The three largest HIV/AIDS donors - the Global Fund to Fight AIDS, Tuberculosis and Malaria, the US President's Emergency Plan for AIDS Relief (PEPFAR) and the World Bank's Multi-Country AIDS Programme (MAP) - have spent US$20 billion on combating AIDS since 2000.
But a new report by the Washington-based Centre for Global Development, "Seizing the opportunity on AIDS and health systems"
, launched at the International AIDS Conference in Mexico City last week, suggests that AIDS donors may actually have weakened the health systems necessary for an effective AIDS response.
"The big HIV donors are creating AIDS-specific systems that compete for health workers and administrative talent, share the same inadequate infrastructure, and further complicate already complex flows of information," said Nandini Oomman, lead author of the report.
Noting that "The future of the global HIV/AIDS response cannot be considered independently from that of national health systems," the study examined interactions between the three donors and health systems in three countries where they work: Mozambique, Uganda and Zambia.
|The future of the global HIV/AIDS response cannot be considered independently from that of national health systems |
Focusing on three components of those health systems - health information systems, supply chains for essential drugs, and human resources - the researchers found that donors had developed AIDS-specific processes, often creating a drain on resources essential to the country's broader health system.
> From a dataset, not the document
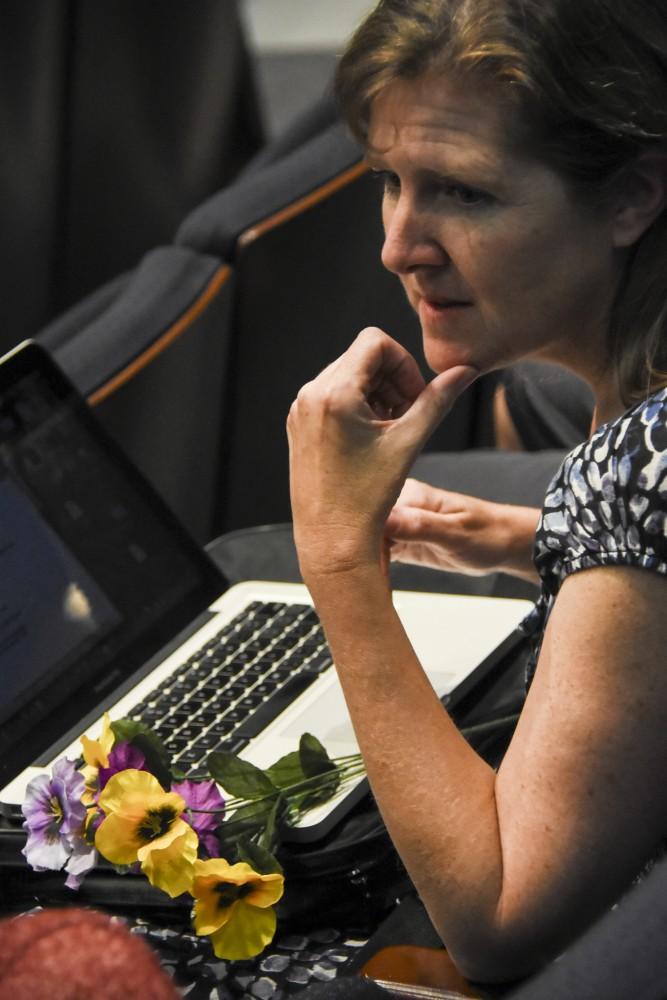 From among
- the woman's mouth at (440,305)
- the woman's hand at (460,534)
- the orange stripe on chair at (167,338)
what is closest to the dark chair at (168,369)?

In the area of health information systems, for example, all three donors have their own reporting requirements, which burden already overstretched health facility staff with multiple record-keeping duties. "This extra effort takes away time from helping AIDS patients or providing other health services," Oomman pointed out.
With the goal of distributing antiretroviral drugs more efficiently, donors have also supported the development of procedures that are separate from those for other essential medicines.
The report warns that "As antiretrovirals come to be offered at more and more facilities, maintaining the separate systems will become increasingly complex," and recommends integrating the two systems.
All three countries covered in the report are experiencing severe shortages of qualified health workers, but instead of training additional workers, the three donors have funded specific training in HIV/AIDS for existing staff. In some cases, they have rewarded staff for the extra work administering their programmes with salary top-ups.
"Such top-ups ... focus the attention of clinical staff on HIV/AIDS - in some cases reducing the time they give to other health services," the report's authors argued.
PEPFAR has also funded the hiring of large numbers of non-governmental organisation (NGO) health workers, who often earn significantly more than their counterparts working for the state. A clerk working for a PEPFAR-funded programme in Zambia, for example, makes about twice as much as a registered nurse in the public sector, according to the study.
Not surprisingly, donor funding for better paying jobs with NGOs has sometimes pulled desperately needed staff away from the state sector.
The report concludes that donors should shift their response from an initial emergency mode, in which they circumvented weak areas of national health systems to set up systems that could achieve quicker results.